WHAT THE TASK REQUIRES: Where the data below shows a picture, leave that picture out and copy the rest exactly.

LISTED RECORDS:
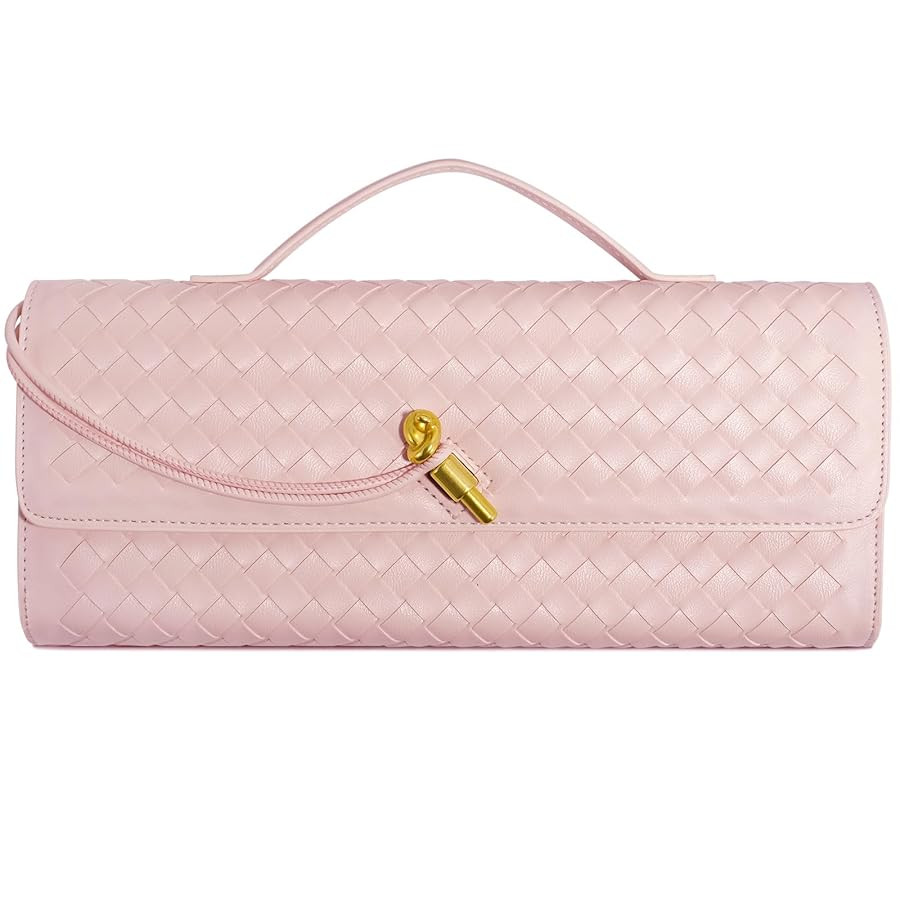 Woven Clutch Purses for Women, Formal Satchel Leather Evening Bag Shoulder Handbag | Amazon (US)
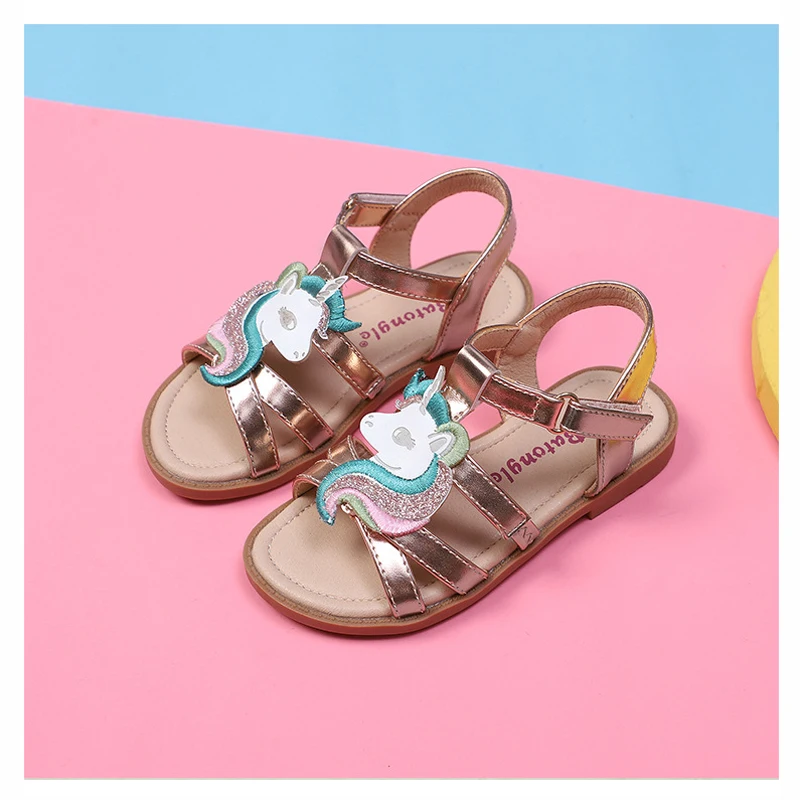 Unicorn girls sandals bright metallic kids girls sandals Adjustable customized fit princess summer shoes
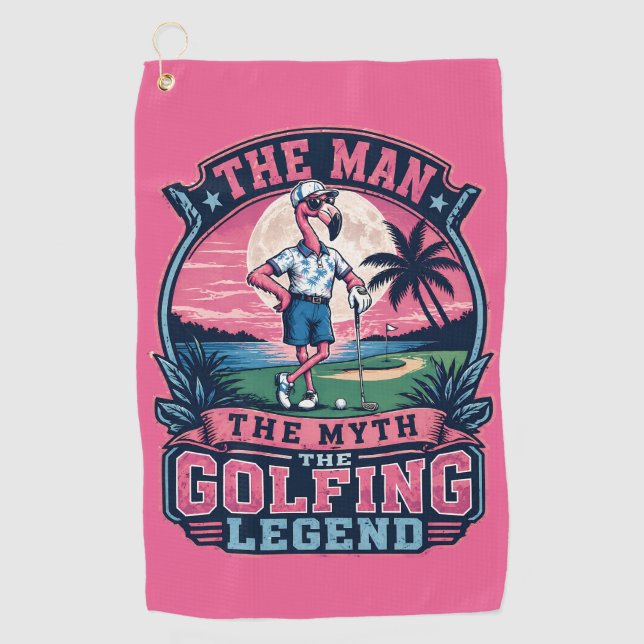 Der Mann Mythos Golflegende Lustiger Flamingo Golf Golfhandtuch (Vorderseite)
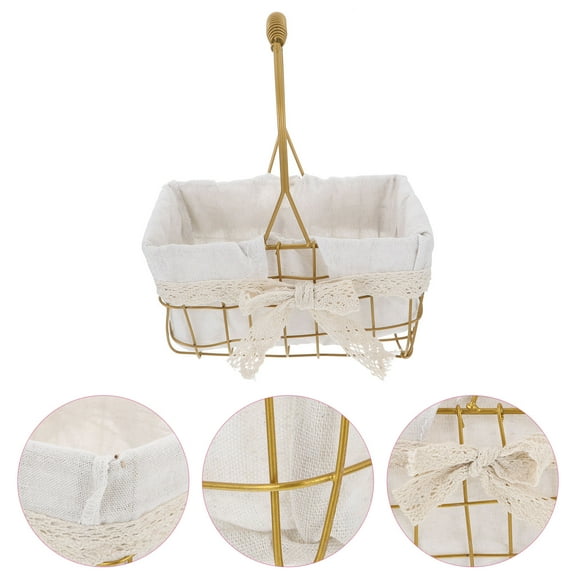 STRANDCHIC 1Pc Wrought Iron Storage Basket Golden Color with Convenient Handle for Household Use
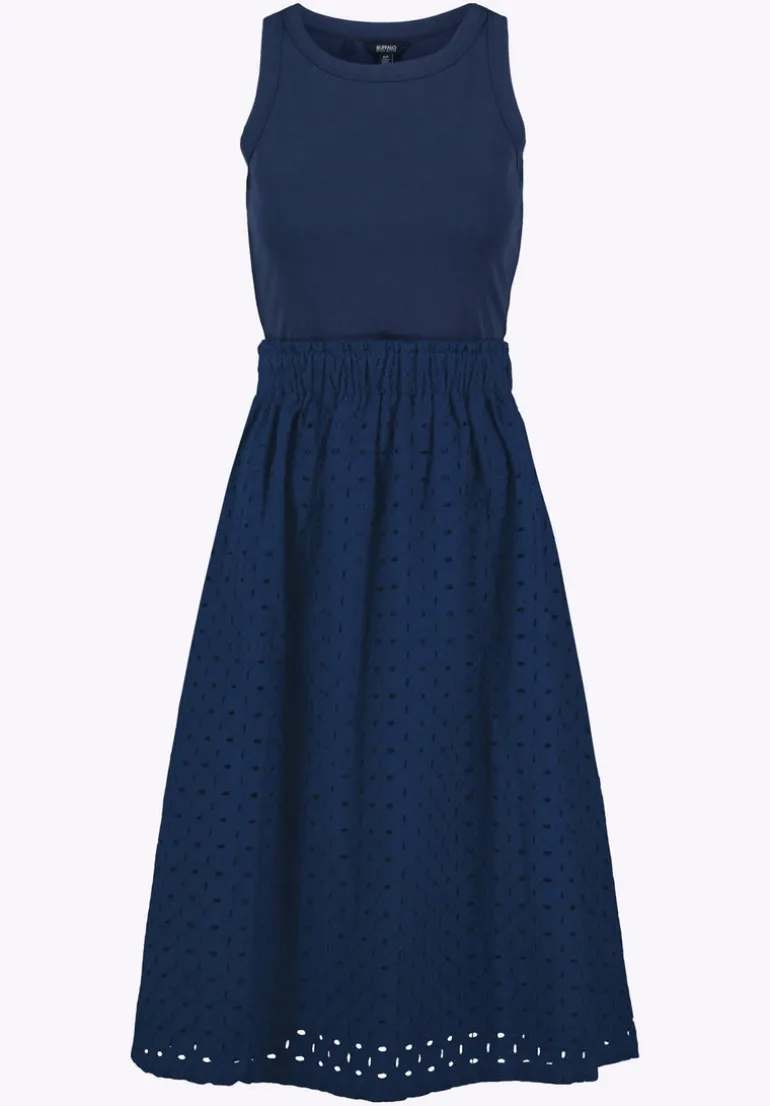 Drea Women's Tank Dress with Eyelet Embroidered Skirt, Navy - WD0067P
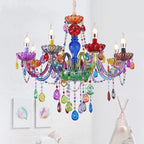 Fake Candle Pendant Light Pretty Glass Multi-Colored Chandelier with Teardrop Crystal for Kindergarten
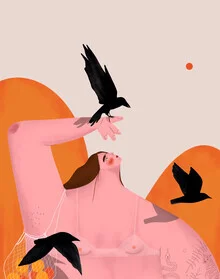 Wall art of a girl with a raven, soft colors and a dreamy mood.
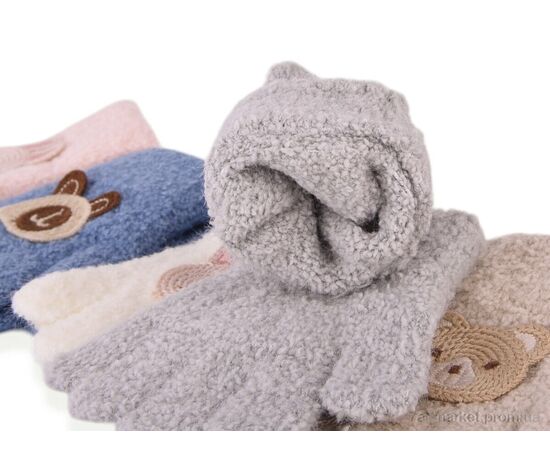 Рукавички для дітей Зима 5201 (тедди) mix (12 шт. р.сітка1-3) "TUZZI" недорого оптом від прямого постачальника, зображення 2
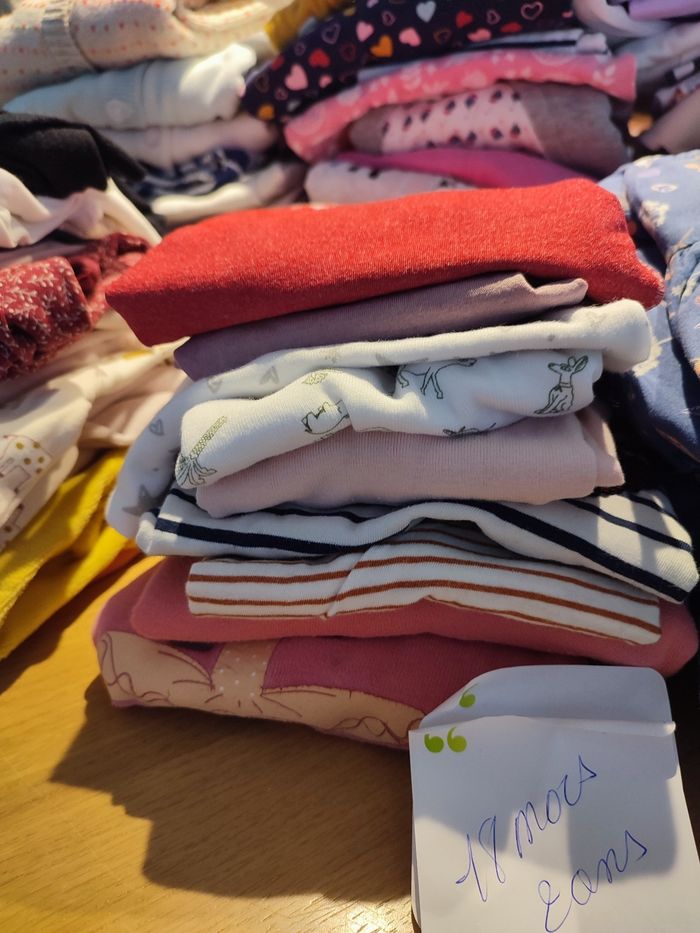 Lot de vêtements fille 18 mois à  2 ans propres, repassés et pliés - photo numéro 3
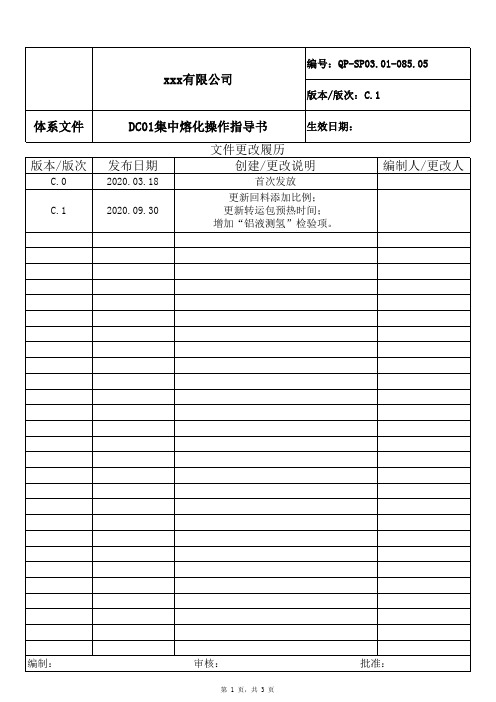 DC01 集中熔化操作指导书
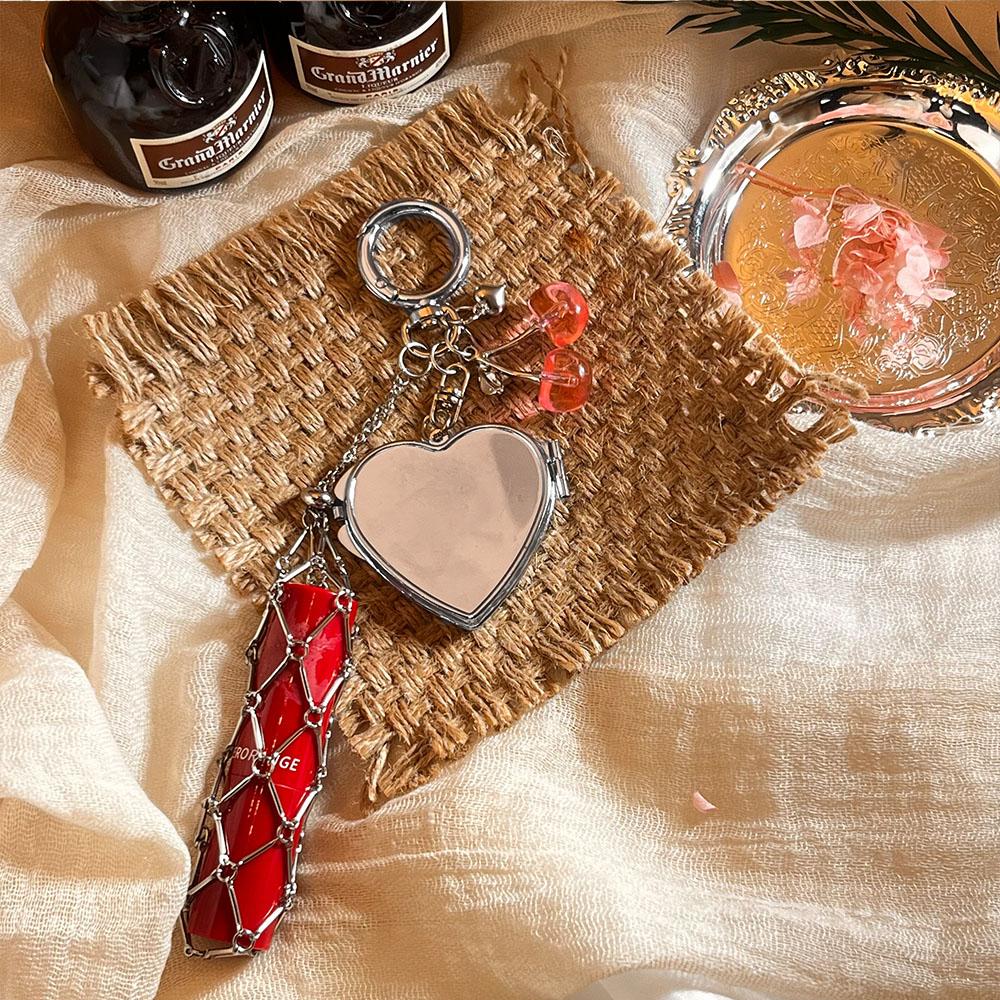 Custom Logo Y2K Popular Keychain Stainless Lipstick Pouch Mesh Portable Keyring Mirror Bag Pendant Key Chain Ring Socialite Gift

SOLUTION TO THIS PROBLEM:
 Woven Clutch Purses for Women, Formal Satchel Leather Evening Bag Shoulder Handbag | Amazon (US)
 Unicorn girls sandals bright metallic kids girls sandals Adjustable customized fit princess summer shoes
 Der Mann Mythos Golflegende Lustiger Flamingo Golf Golfhandtuch (Vorderseite)
 STRANDCHIC 1Pc Wrought Iron Storage Basket Golden Color with Convenient Handle for Household Use
 Drea Women's Tank Dress with Eyelet Embroidered Skirt, Navy - WD0067P
 Fake Candle Pendant Light Pretty Glass Multi-Colored Chandelier with Teardrop Crystal for Kindergarten
 Wall art of a girl with a raven, soft colors and a dreamy mood.
 Рукавички для дітей Зима 5201 (тедди) mix (12 шт. р.сітка1-3) "TUZZI" недорого оптом від прямого постачальника, зображення 2
 Lot de vêtements fille 18 mois à  2 ans propres, repassés et pliés - photo numéro 3
 DC01 集中熔化操作指导书
 Custom Logo Y2K Popular Keychain Stainless Lipstick Pouch Mesh Portable Keyring Mirror Bag Pendant Key Chain Ring Socialite Gift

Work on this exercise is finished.